** Exercise data follows **

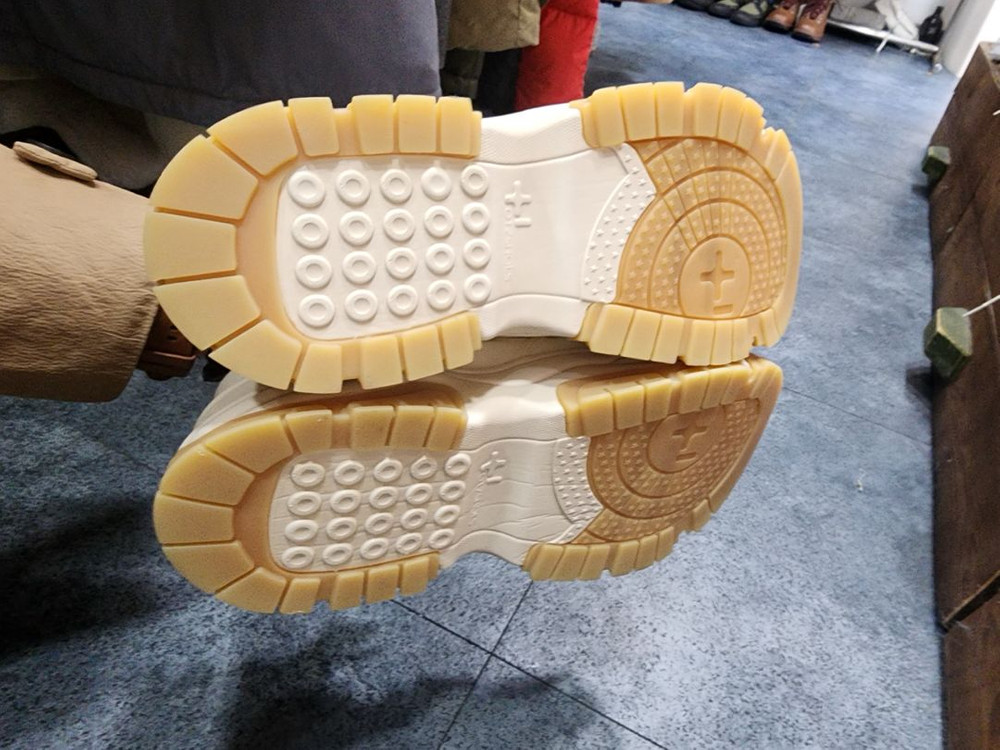 오찌하이남성화280--2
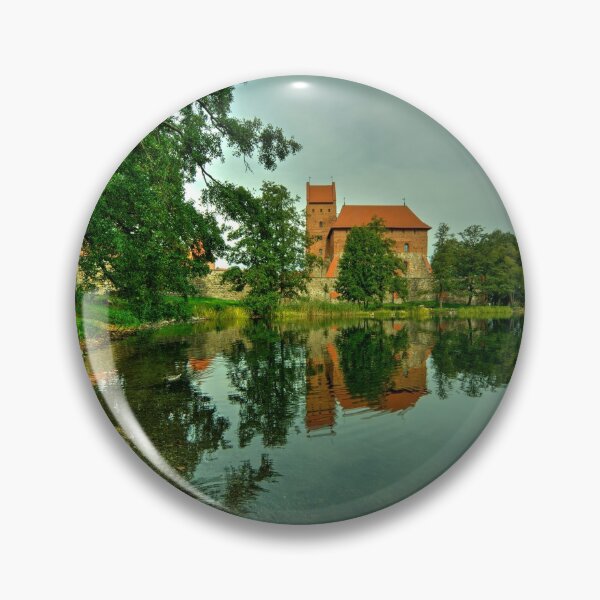 Aperçu de l'œuvre Trakai Reflections créée et vendue par hawkie.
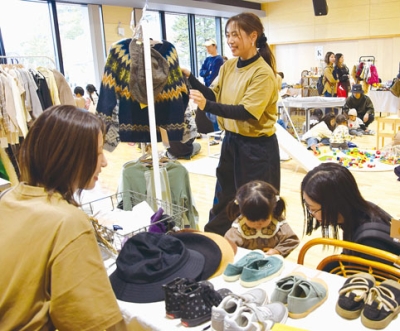 写真:掘り出し物を求め、来場者でにぎわう会場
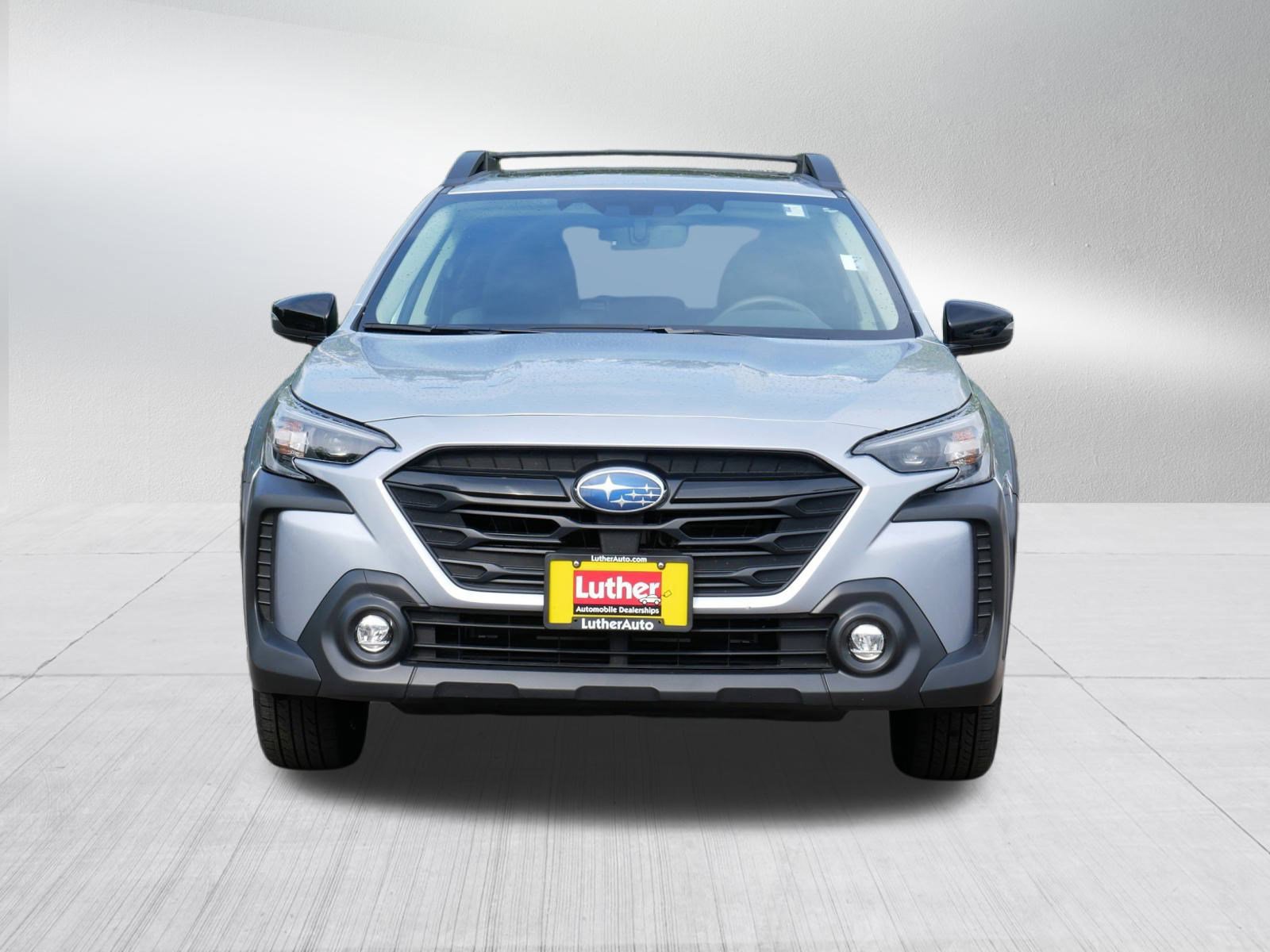 2024 Subaru Outback Onyx Edition photo 2
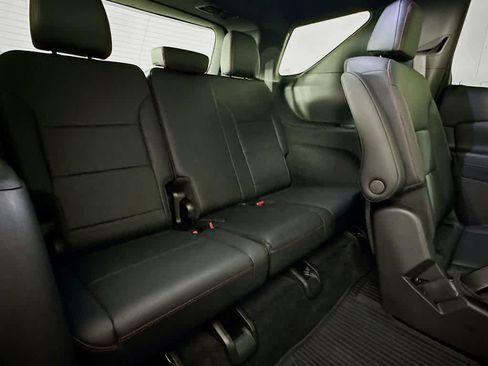 Used 2024 Chevrolet Traverse Z71 w/ LPO, Floor Liner Package image 30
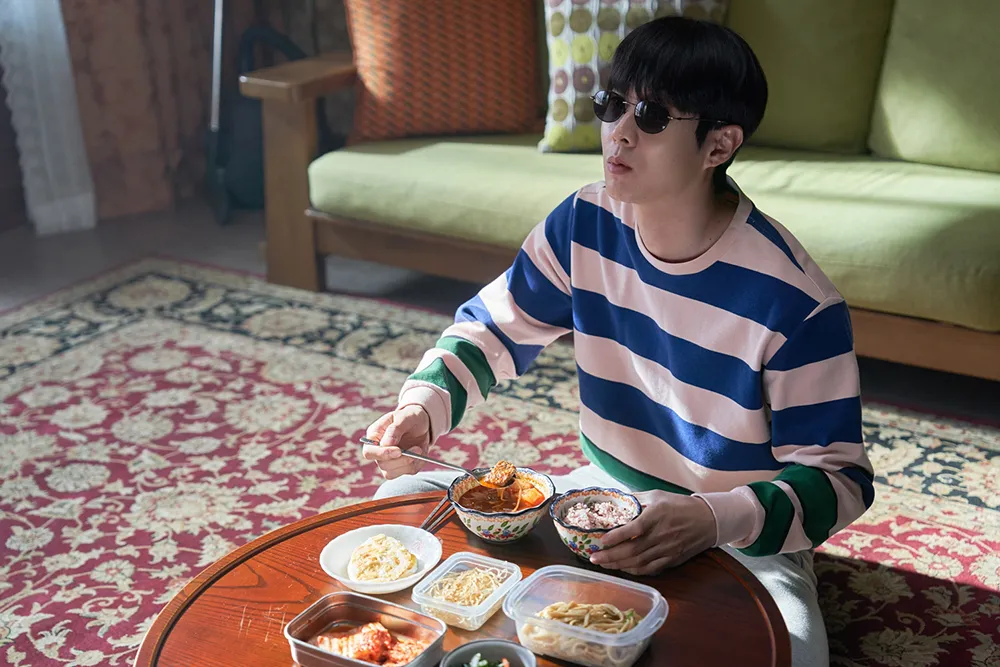 películas que se estrenan en febrero, El hombre que vive con el rey, Dongchang: La última cena, Stray Kids concierto en cines, Las flores de Shanghai, HUMINT, Number One, 5 centímetros por segundo, 28 años después: El templo de huesos, App que invoca fantasmas: Yeong, Nezha 2, Cada día somos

** End of Exercise data **

▶ [Goal of the exercise]: Write out every entry above exactly as it stands, minus the pictures.

▶ [Expected answer]:
 오찌하이남성화280--2
 Aperçu de l'œuvre Trakai Reflections créée et vendue par hawkie.
 写真:掘り出し物を求め、来場者でにぎわう会場
 2024 Subaru Outback Onyx Edition photo 2
 Used 2024 Chevrolet Traverse Z71 w/ LPO, Floor Liner Package image 30
 películas que se estrenan en febrero, El hombre que vive con el rey, Dongchang: La última cena, Stray Kids concierto en cines, Las flores de Shanghai, HUMINT, Number One, 5 centímetros por segundo, 28 años después: El templo de huesos, App que invoca fantasmas: Yeong, Nezha 2, Cada día somos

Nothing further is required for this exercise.